> [Action item]:
Please return the lines below verbatim, beginning at the one that has "Upholstered Bed, 90" and stopping after the one that has "Minimal Retouching: Playful", and add no other lines.

> [Exercise material]:
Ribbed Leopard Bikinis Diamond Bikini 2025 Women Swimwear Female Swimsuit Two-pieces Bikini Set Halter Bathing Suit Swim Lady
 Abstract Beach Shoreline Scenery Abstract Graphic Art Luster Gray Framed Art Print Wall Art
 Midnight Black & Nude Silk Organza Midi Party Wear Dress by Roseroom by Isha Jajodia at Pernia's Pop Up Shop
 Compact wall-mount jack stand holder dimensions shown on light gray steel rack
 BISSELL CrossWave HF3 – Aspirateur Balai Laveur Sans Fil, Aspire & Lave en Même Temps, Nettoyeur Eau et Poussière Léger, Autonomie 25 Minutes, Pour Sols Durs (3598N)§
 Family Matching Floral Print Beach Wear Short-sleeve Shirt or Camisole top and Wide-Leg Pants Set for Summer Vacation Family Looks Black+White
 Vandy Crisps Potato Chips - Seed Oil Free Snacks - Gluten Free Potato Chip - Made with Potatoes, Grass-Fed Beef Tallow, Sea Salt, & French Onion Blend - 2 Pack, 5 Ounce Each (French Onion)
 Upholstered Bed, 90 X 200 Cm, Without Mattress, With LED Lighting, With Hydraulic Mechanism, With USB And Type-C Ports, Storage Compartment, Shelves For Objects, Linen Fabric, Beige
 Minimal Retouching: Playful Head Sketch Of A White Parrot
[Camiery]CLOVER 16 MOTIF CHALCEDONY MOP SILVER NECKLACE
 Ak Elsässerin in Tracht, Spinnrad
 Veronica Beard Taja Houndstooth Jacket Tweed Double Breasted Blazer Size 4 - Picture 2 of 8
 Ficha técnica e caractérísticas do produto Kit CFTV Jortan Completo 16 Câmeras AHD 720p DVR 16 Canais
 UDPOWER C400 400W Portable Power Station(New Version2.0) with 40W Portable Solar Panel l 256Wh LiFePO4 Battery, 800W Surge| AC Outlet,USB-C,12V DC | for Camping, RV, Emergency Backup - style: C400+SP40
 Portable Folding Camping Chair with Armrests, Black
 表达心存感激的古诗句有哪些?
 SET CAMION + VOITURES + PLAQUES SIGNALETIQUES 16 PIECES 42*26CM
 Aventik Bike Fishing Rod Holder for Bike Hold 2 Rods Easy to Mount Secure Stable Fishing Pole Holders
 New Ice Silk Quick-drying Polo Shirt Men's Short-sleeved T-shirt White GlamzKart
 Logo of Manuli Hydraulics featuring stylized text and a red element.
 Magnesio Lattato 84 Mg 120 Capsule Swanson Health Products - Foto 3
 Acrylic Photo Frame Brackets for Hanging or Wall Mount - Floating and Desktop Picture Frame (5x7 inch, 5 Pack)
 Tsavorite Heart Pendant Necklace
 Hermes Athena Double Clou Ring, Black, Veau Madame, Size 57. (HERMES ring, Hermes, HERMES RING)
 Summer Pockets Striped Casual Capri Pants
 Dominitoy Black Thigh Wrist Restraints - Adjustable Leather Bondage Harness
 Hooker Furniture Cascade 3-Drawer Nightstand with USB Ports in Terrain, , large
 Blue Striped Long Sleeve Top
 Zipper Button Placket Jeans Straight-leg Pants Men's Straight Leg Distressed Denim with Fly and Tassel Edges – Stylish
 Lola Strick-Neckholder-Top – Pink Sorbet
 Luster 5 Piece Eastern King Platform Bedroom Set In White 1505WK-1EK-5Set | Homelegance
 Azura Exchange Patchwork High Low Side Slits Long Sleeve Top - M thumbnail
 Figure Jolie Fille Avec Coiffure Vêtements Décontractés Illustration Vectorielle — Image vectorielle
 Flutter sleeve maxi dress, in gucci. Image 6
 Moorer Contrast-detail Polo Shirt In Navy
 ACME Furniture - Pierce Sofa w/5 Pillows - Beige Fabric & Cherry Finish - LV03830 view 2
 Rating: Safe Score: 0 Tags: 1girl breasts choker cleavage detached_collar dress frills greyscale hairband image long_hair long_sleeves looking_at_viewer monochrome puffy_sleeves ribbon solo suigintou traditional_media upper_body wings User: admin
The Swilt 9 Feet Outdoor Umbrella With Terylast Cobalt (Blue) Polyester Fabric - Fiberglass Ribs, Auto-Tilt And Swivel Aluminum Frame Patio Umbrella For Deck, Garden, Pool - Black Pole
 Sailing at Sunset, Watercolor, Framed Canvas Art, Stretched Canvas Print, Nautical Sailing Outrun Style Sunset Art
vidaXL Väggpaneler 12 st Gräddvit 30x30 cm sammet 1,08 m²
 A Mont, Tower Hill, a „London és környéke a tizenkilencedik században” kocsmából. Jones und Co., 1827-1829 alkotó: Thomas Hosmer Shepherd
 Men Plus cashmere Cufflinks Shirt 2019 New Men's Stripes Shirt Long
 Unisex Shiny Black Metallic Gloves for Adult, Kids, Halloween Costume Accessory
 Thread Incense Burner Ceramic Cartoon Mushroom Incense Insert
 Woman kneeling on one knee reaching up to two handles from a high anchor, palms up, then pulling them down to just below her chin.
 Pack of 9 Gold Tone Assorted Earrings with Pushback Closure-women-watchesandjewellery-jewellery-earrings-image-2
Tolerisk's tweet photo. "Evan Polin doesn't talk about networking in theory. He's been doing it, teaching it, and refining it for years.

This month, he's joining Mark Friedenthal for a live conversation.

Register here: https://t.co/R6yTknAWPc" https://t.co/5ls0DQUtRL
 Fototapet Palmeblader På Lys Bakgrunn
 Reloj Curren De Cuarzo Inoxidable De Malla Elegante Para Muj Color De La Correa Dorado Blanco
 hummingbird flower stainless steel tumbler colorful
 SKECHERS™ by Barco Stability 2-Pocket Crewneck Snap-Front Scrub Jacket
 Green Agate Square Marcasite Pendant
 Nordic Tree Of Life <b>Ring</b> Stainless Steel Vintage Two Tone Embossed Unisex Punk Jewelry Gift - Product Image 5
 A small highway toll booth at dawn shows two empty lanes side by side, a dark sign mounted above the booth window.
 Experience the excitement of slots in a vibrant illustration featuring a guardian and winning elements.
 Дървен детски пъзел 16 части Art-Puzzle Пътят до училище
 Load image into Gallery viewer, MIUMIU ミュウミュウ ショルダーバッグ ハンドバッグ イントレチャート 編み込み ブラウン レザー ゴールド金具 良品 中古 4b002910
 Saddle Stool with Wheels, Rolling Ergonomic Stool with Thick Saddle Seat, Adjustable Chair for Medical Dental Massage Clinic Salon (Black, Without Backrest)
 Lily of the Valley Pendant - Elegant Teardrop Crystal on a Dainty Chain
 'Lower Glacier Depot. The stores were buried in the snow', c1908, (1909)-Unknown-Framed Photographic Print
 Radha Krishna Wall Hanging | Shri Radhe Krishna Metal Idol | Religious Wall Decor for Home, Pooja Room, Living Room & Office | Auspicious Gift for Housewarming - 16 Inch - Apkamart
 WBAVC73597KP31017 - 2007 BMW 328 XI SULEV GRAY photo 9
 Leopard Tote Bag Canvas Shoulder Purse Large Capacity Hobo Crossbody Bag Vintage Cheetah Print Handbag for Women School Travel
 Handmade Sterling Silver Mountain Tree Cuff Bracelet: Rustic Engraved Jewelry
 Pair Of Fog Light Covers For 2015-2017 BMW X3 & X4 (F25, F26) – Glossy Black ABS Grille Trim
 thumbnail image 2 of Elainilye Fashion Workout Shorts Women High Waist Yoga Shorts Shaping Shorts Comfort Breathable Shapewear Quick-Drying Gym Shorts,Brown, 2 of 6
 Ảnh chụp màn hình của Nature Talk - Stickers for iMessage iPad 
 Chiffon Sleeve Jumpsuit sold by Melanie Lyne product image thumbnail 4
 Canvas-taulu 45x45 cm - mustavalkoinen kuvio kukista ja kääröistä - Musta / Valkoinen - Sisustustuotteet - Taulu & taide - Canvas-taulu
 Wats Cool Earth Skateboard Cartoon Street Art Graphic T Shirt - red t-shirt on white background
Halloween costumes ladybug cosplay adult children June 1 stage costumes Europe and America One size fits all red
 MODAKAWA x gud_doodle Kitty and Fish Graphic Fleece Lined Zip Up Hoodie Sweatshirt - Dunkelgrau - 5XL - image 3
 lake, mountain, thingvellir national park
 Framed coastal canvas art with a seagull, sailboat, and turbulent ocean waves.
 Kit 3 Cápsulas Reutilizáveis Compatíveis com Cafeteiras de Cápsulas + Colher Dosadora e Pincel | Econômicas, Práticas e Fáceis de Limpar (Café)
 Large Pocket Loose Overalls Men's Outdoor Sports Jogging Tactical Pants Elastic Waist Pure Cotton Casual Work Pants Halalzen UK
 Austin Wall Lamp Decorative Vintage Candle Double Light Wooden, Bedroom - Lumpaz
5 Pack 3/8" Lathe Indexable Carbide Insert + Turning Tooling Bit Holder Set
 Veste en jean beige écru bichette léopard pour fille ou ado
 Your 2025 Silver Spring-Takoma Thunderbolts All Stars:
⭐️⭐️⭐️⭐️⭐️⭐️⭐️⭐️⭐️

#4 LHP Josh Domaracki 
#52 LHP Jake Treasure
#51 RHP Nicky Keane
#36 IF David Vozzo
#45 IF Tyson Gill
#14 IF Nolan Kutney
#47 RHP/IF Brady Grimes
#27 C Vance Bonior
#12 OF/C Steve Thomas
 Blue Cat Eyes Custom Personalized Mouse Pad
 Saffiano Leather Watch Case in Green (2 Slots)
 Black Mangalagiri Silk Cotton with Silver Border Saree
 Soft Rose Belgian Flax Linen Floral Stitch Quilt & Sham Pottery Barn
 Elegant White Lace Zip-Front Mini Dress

> [Exercise result]:
 Upholstered Bed, 90 X 200 Cm, Without Mattress, With LED Lighting, With Hydraulic Mechanism, With USB And Type-C Ports, Storage Compartment, Shelves For Objects, Linen Fabric, Beige
 Minimal Retouching: Playful Head Sketch Of A White Parrot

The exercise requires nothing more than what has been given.